[[ DATA FOR PROCESSING, beginning ]]

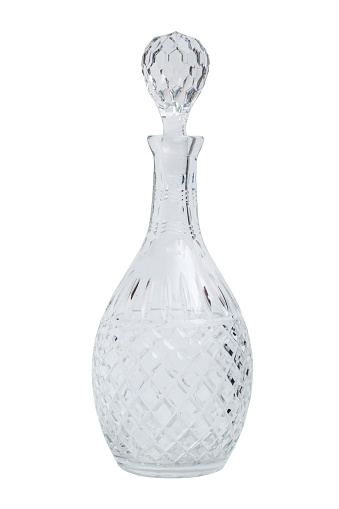 Glass transparent clean empty single shiny beautiful stylish carafe with a plug on isolated white background.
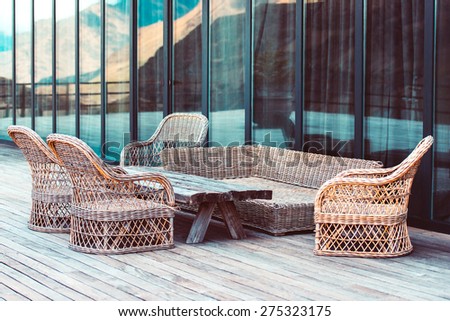 Rattan chairs and wooden table on terrace in mountains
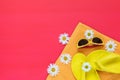 Summer accessories with chamomile flowers on pink floor Royalty Free Stock Photo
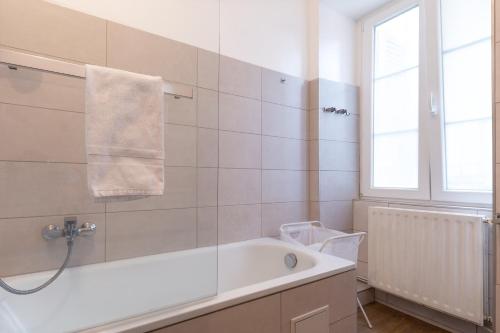 La salle de bains est pourvue d'une baignoire et d'une fenêtre. dans l'établissement Travel Homes - Le Carls: agréable, mignon, moderne, à Mulhouse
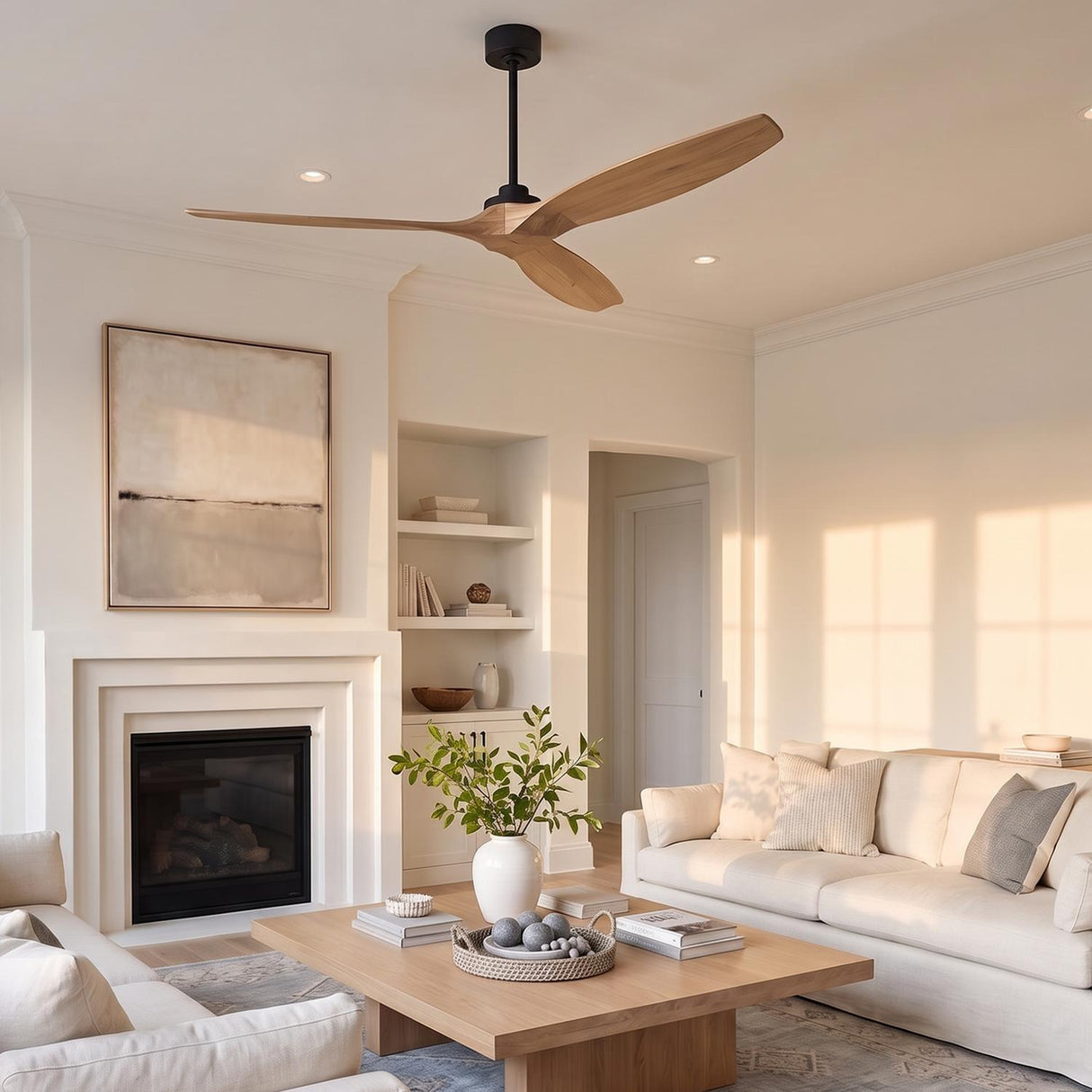 A contemporary living room with the Heron Smart Ceiling Fan 70" featuring natural oak blades and matte black finish centered over a wood coffee table near the fireplace.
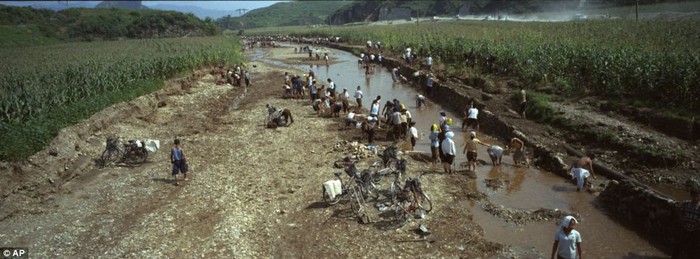 Người dân tu sửa lại con kênh dẫn nước gần cánh đồng ngô bị hư hỏng do trận lũ lụt tháng 7 tại huyện Songchon.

[[ DATA FOR PROCESSING, end ]]

[WHAT IS EXPECTED] Reproduce the records above exactly, leaving out every picture they contain.

[SOLUTION TO THIS EXERCISE]
 Glass transparent clean empty single shiny beautiful stylish carafe with a plug on isolated white background.
 Rattan chairs and wooden table on terrace in mountains
 Summer accessories with chamomile flowers on pink floor Royalty Free Stock Photo
 La salle de bains est pourvue d'une baignoire et d'une fenêtre. dans l'établissement Travel Homes - Le Carls: agréable, mignon, moderne, à Mulhouse
 A contemporary living room with the Heron Smart Ceiling Fan 70" featuring natural oak blades and matte black finish centered over a wood coffee table near the fireplace.
 Người dân tu sửa lại con kênh dẫn nước gần cánh đồng ngô bị hư hỏng do trận lũ lụt tháng 7 tại huyện Songchon.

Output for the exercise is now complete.